Une étude parue dans la revue scientifique PLOS One en 2019 montre que la hausse des températures mondiales est susceptible, par exemple, de modifier le comportement de certains moustiques qui sont les vecteurs de la dengue, de la fièvre jaune, de l’infection au virus Zika et du chikungunya. Selon cette étude, le nombre d’Européens exposés aux virus transmis par les moustiques de la famille Aedes pourrait doubler d’ici la fin du siècle. La hausse de la température globale pourrait également bénéficier aux tiques, vectrices de la maladie de Lyme : selon une étude publiée en 2014, leur taux de reproduction et leurs aires de répartition augmentent fortement. En Amérique du Nord, l’élévation de la température a ainsi augmenté le taux de reproduction des tiques de 2 à 5 fois au Canada, et de 1,5 à 2 fois aux États-Unis.

D’autres menaces existent.

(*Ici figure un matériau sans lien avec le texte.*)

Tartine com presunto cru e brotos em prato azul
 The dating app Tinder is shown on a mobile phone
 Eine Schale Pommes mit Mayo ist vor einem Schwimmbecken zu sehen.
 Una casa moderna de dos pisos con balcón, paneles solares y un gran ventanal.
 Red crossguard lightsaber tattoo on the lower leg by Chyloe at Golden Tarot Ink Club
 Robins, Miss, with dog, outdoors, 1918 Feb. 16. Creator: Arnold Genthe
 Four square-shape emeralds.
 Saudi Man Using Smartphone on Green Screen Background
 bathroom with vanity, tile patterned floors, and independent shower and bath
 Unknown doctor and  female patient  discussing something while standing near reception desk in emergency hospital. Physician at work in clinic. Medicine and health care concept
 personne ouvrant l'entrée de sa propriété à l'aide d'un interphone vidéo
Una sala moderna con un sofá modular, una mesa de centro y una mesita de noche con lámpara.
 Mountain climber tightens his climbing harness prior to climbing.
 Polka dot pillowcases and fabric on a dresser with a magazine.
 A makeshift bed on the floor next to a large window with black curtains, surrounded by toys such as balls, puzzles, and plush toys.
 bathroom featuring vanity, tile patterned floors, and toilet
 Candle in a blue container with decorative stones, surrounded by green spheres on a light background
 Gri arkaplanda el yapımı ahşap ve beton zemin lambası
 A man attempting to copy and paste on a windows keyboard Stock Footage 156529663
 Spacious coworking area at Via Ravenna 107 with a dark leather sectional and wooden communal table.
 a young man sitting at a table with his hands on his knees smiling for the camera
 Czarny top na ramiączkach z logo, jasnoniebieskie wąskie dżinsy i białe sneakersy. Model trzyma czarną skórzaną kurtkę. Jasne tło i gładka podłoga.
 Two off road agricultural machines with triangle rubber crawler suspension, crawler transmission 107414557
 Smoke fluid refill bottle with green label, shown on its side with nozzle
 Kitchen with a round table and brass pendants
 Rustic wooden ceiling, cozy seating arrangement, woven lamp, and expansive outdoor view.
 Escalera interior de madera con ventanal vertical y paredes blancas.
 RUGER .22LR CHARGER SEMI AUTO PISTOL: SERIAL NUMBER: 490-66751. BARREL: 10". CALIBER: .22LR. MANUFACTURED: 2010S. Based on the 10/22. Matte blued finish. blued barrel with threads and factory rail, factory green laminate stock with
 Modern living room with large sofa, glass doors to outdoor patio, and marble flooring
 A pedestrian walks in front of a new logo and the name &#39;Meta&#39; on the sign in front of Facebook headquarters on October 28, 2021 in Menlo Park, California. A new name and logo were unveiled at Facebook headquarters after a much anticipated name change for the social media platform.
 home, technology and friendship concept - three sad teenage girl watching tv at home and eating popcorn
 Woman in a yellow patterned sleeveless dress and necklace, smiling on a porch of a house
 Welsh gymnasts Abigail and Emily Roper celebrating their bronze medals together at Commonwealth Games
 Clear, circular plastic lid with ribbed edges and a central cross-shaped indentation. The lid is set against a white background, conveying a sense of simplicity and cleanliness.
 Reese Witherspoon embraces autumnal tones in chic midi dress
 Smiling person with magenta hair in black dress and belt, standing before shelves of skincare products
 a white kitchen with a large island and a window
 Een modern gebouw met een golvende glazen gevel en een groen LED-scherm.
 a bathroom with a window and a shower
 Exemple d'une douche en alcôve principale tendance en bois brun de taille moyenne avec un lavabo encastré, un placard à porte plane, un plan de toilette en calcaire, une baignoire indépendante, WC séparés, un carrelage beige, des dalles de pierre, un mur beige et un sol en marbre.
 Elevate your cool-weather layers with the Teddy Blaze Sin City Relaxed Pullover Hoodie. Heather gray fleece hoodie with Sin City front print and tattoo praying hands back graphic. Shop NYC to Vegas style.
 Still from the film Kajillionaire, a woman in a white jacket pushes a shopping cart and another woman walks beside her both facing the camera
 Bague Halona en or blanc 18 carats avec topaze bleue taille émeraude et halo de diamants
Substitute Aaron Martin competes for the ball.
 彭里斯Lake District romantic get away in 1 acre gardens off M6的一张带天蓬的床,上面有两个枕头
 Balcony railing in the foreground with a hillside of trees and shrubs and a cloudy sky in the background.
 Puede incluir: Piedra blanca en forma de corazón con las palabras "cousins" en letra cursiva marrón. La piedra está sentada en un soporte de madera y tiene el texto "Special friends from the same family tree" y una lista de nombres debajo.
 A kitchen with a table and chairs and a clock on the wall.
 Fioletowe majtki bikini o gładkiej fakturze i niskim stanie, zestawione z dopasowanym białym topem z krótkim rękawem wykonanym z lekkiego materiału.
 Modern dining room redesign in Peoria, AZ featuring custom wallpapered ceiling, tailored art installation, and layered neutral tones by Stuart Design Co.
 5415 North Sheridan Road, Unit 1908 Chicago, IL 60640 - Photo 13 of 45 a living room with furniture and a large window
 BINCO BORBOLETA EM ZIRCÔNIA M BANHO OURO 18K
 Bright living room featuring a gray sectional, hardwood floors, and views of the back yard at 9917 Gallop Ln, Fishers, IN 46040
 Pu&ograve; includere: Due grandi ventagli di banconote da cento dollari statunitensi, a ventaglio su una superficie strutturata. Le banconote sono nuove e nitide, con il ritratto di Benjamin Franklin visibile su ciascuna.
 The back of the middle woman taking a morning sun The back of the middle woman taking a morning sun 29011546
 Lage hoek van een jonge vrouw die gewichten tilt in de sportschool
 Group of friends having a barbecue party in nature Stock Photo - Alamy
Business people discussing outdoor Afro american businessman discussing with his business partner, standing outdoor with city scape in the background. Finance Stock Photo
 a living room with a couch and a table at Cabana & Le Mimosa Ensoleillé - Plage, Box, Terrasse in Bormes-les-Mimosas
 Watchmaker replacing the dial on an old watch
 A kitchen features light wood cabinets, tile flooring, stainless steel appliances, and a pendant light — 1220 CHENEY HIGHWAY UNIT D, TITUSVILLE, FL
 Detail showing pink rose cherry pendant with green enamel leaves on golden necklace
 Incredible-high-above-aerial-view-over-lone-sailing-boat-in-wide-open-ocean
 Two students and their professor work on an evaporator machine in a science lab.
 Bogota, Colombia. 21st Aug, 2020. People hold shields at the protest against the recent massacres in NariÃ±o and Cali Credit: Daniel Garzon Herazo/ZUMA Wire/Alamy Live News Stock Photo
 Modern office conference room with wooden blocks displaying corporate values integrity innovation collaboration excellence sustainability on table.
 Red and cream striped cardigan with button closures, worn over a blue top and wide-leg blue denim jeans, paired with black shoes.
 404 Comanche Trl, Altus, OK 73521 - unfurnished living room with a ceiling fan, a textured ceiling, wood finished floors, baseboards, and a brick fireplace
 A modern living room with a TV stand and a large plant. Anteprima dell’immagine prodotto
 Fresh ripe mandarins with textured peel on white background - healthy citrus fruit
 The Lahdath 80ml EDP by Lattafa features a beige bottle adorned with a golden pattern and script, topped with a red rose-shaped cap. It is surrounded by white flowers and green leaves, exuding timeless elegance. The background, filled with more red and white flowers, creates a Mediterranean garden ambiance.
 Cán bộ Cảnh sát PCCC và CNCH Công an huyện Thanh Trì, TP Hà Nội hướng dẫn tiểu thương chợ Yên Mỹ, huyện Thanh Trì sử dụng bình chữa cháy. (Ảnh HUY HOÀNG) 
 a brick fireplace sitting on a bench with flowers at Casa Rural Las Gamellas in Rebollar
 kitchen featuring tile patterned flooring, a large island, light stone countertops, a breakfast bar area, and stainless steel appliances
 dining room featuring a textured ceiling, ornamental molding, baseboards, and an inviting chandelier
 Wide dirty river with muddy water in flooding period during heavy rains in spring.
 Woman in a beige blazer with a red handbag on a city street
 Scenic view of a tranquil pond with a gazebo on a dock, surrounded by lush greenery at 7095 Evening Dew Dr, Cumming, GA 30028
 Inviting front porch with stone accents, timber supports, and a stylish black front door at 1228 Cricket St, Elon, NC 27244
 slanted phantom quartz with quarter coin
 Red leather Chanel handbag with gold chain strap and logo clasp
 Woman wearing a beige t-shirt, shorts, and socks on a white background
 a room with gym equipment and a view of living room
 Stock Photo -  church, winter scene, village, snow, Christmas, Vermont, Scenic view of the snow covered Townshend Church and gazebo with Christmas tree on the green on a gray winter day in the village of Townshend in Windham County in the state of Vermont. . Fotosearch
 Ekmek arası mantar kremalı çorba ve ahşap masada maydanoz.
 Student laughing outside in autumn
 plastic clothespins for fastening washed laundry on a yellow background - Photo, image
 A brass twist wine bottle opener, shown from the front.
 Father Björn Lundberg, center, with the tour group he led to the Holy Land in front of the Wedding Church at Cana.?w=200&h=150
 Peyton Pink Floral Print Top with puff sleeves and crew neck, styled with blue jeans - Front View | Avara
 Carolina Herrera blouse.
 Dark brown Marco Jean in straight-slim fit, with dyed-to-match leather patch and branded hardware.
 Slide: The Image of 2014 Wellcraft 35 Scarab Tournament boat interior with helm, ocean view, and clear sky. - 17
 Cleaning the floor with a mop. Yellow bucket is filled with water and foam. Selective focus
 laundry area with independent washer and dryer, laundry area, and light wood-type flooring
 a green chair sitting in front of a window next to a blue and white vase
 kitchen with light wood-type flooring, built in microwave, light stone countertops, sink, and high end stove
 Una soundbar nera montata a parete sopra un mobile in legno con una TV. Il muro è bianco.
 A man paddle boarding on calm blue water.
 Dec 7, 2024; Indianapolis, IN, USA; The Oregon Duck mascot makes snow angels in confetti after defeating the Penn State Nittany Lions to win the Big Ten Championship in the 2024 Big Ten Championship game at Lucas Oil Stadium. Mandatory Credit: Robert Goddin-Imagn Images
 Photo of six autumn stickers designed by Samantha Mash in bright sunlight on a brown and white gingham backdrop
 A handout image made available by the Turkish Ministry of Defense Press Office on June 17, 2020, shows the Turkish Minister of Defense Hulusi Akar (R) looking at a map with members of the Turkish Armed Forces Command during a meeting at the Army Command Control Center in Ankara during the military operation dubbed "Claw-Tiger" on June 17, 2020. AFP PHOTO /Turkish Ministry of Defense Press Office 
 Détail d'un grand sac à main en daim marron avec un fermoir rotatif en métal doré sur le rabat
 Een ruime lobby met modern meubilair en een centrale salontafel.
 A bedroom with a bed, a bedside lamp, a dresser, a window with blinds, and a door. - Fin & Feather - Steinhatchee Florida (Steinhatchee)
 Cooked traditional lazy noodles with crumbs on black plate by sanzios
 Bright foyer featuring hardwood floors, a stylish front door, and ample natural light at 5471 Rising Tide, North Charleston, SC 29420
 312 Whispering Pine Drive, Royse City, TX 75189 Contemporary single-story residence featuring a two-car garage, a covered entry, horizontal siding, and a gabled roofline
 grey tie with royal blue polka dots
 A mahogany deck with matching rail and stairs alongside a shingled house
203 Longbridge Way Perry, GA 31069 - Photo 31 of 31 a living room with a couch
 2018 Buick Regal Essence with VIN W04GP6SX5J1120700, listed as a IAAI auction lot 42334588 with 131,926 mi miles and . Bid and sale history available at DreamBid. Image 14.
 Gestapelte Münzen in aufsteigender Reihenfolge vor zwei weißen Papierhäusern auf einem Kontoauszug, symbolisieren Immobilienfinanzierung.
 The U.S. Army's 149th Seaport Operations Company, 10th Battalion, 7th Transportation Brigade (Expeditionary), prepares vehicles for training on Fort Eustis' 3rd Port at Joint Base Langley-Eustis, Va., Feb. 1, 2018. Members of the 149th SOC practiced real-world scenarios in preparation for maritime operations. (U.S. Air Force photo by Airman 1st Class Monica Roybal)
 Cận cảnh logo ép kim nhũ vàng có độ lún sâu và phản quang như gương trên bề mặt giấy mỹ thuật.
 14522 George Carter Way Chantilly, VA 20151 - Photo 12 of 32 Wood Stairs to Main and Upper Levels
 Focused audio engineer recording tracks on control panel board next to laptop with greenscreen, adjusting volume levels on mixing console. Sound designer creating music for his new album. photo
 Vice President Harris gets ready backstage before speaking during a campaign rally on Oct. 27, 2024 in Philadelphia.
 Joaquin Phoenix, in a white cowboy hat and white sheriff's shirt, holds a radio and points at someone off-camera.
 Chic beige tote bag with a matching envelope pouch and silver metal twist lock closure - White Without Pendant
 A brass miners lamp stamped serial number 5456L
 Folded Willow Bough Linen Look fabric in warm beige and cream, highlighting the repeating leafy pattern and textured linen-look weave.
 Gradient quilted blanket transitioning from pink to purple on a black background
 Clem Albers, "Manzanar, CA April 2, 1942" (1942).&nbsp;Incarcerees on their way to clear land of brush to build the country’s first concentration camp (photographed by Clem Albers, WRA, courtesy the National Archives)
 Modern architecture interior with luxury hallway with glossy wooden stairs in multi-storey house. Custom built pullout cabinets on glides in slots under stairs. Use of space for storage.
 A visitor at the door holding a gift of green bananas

La fonte du permafrost, en plus des quantités de méthane qui seraient libérées, peut « réveiller » des germes, virus et autres bactéries, venant d’un passé lointain où les hommes n’existaient pas encore. Sans vouloir démoraliser nos lecteurs, il faut observer que des prévisions scientifiques internationales laissent penser que le Covid-19 pourraient n’être que la début de nombreuses épidémies si des actions ne sont pas menées pour arrêter le réchauffement climatique et nos comportements sociétaux économiques.